In recent years, however, enrollment has picked up.
This fall, there were 5,455 students in KSU residence halls, a figure that has increased steadily over the past four years, said Charles Rickard, associate vice-president for enrollment services at KSU.
Foley said some reasons for the increased enrollment are efforts by KSU's admissions department, which sponsors "yield receptions" to spark interest in KSU. The receptions are held in large cities in Ohio and neighboring states, and perspective students are invited. KSU has also looked at increasing scholarships to draw students to the university.
Meanwhile, figures from Kent's building division show that between 1990 and 1997, there were 265 new single family homes, 30 duplexes and 232 multi-family units, Community Development Director Louis Zunguze said.
Kent has three newer housing developments, River Bend, Forest Lakes and Fieldstone, and all three developments are expanding.
"We have not seen a decline at all," Zunguze said. "We've seen a steady growth, and it gives us a good sense of where we're going. We can plan nicely."
Ravenna is witnessing the construction of three separate housing developments. More than 230 homes will speckle about 100 acres at Annevar Estates near the junction of Diamond and Lake streets, where utility-lines and new streets are under construction, Miller said.
The nearby Diamond Acres development has been approved for 30 homes, 12 of which are completed.
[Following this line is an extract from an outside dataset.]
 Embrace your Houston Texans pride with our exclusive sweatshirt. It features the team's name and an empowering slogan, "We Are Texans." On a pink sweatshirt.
In addition, Woodland Trails on Sapp Road has been approved for 83 homes, Miller said.
Since 1995, Ravenna has also seen the construction of Portage Terrace on Coe Road, which houses between 60 and 70 units, each occupied by three to four tenants. In addition, the Springtree Condominiums on Bryn Mawr Street will likely add another 80 residents and the Bryn Mawr Glen Apartments, a 50-apartment facility for elderly residents, opened in October.
"I don't know how these latest population estimates were derived, but I suspect they are flawed by false assumptions," Miller said. "Nobody consulted us for any data concerning the number of the building permits we've issued."
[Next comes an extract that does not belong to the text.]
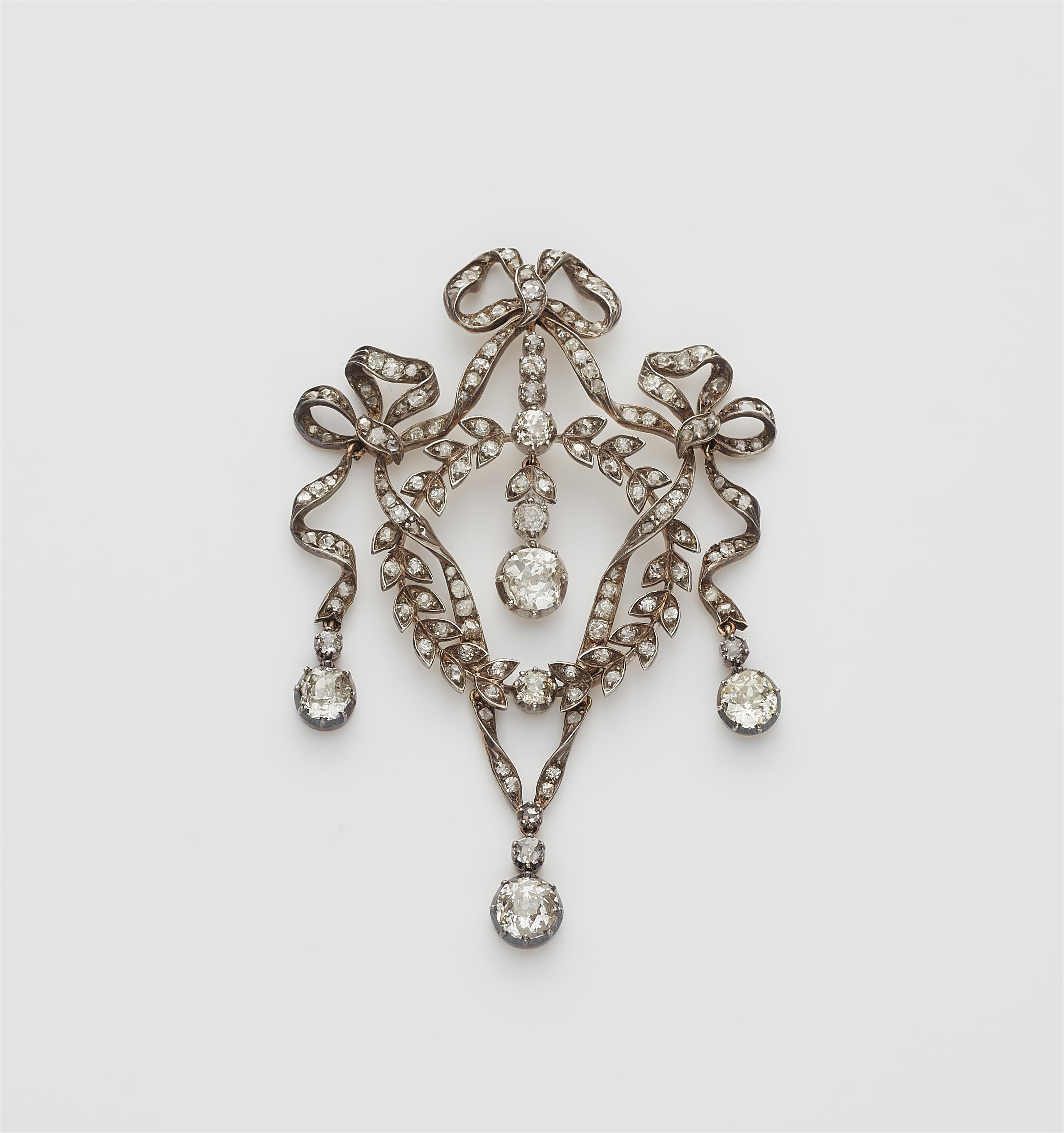 An Edwardian silver 14k gold and diamond garland pendant with original case. Mountings lost. - image-1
"We build at least 10 new houses every year on isolated lots throughout the city," Miller added. "It's like ringing a bell."
Erickson echoed Miller's rebuttal.
"I think they're barking up the wrong tree," she said, in reference to the report's conclusions. "Between 1990 and 1995, Ravenna added 301 dwelling units to its residential base. This would add some 840 people to Ravenna's residential base, lifting its total population to 12,900," she said.
Eighteen homes have been razed in Ravenna since 1990, but most of these were unoccupied. In addition, between 50 and 60 apartment units have been closed since 1991, Miller said.
Future growth in Ravenna will be limited by the city's size. Ravenna measures only 4.2 square miles, Miller said. But "nobody ever wanted to make a Cleveland out of Ravenna," he said. "Growth is obviously a catch-22. A city must manage growth to meet its demands for revenue without overextending its capacity. I think we're doing that in Ravenna."
Sylvia Chinn-Levy, an economic development planner with the Northeast Ohio Four County Regional Planning and Development Organization said so far, she has heard complaints from Kent and Hudson, where officials thought their population numbers were too low.
The department has indicated it would revisit the most recent census figures, noting there were some inconsistencies, she said. So far, however, the department has stated the inconsistencies dealt with things like townships being named incorrectly.
"I asked them if the gains and losses were also incorrect, but I haven't gotten an answer yet," she said.
NEFCO developed a set of population projections for the region for 1995 through 2020. Those projections predicted that Kent's population would grow to 29,959 by 1995, and Ravenna's population was expected to grow to 12,261. The projections also predicted slightly higher growth rates for Aurora and Streetsboro.
"The census figures seem low, especially when it comes to Kent," she said.